Pearl Mackie acts stupendously in every scene she is in. Particular mention must go to Bill’s emotional “People are always going to be afraid of me aren’t they? Aren’t they?” It was very, very poignant when the Cyberman!Bill said that she was Bill Potts in the voice of a Cyberman. The entire barn scene was utterly fantastic, with the theme of humanity coming to the fore once again when the Doctor said “Nothing wrong with being kind.” to the little girl who was visiting Bill. It is interesting that we saw Bill as she saw herself, as a human. Her anger when she realises what has happened to her is very well acted by Pearl Mackie. Another excellent moment is when one of the settlers shoots Bill and apologises after realising who she is. Bill’s despondent “I understand” is a fantastic piece of acting from Pearl Mackie.
Peter Capaldi delivers the performance of his tenure in Doctor Who when he rails at the two Masters for their selfishness.

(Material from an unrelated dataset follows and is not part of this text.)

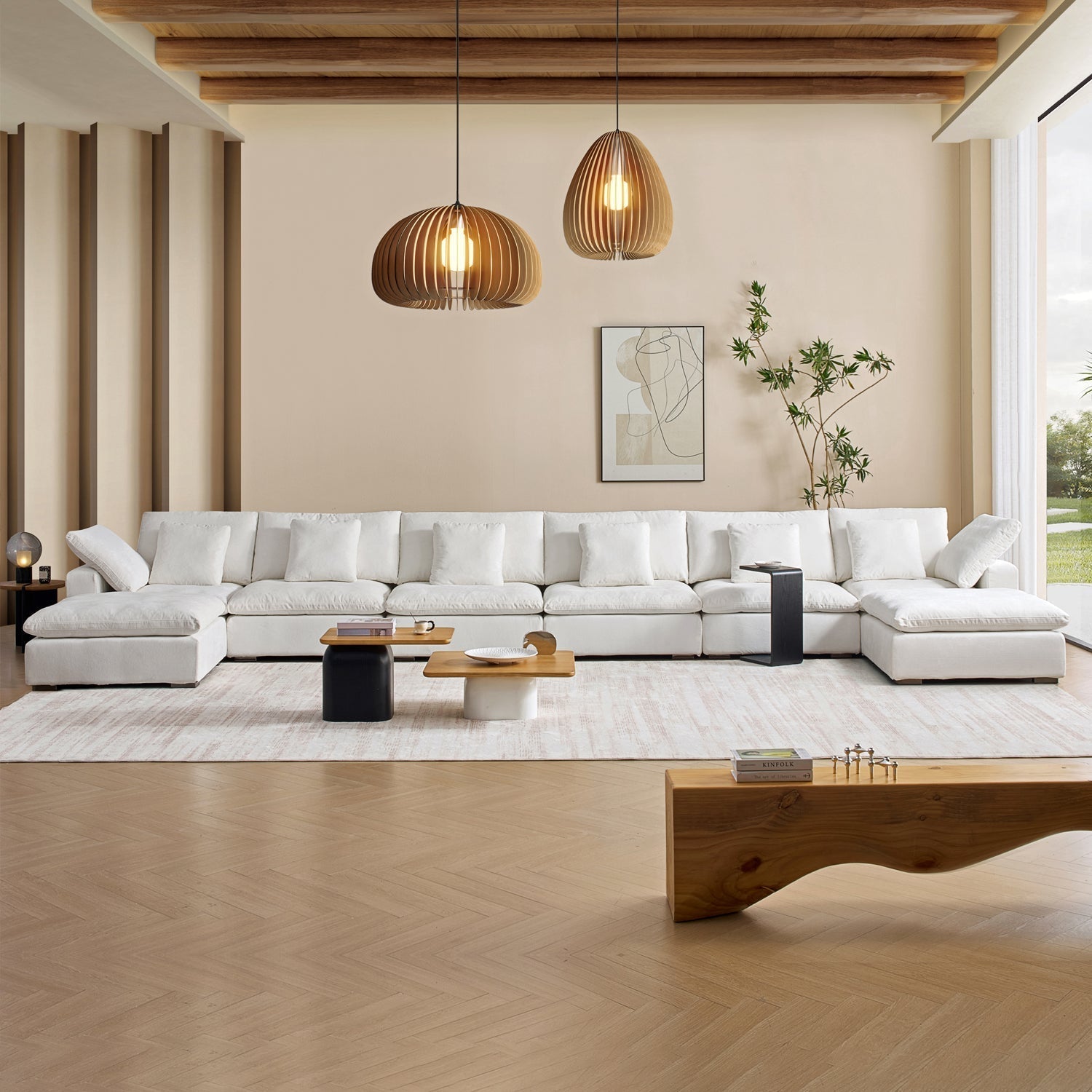 sectional - Tivoli Cloud U Sectional - MC - Mario Capasa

We see that kindness is central to the Doctor’s character and that that is why he does what he does. I loved this line: “I’m not trying to win. I do what I do because it’s right. It’s decent. It’s kind. Just kind.” We see again the Doctor’s belief in the goodness of everyone he encounters when he implores the Masters to “At the end. Just be kind.” Peter Capaldi acts phenomenally well when he is shot by the Cyberman in the forest and when he destroys them all. It was really cool to hear the music from Heaven Sent again, which really shows us who this Doctor is and has been; someone who stands for what’s right no matter the personal cost. There was a great moment with the Doctor and Nardole when the Doctor asks “Which one of us is stronger?” and Nardole agrees to lead the settlers to safety. This shows a different kind of heroism than wielding weapons which is one of the themes of Doctor Who. Matt Lucas‘s understated “Damn.” was great acting from him and it was good to see that Nardole survived.

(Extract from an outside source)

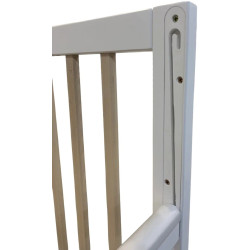Patuc cu sertar Кузя Sofia (White/Natural) Thumb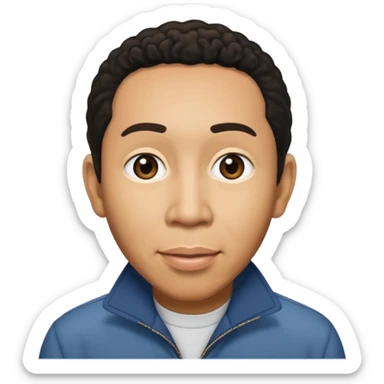 Smokey Robinson sticker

It was absolutely incredible to see Stephanie Hyam return as Heather. Her scene with Bill in the TARDIS was so touching. I loved when they kissed and Heather said “Does that feel dead to you?” when Bill asked if she was. The music when Heather took Bill away was awesome and so fitting. It was a nice nod to Tom Baker’s 4th Doctor when 12 saw all of the new series companions calling his name, including Sarah Jane, before he started to regenerate. It was great when he repeated the final lines said by 10 and 11 also. This scene had quite an emotional impact, with the Doctor railing that he didn’t want to be someone else ever again. It was utterly phenomenal to see David Bradley make a return as the 1st Doctor, and I am really excited to see what happens in the Christmas special.
Overall, a thrilling, phenomenal episode that I would love to watch again.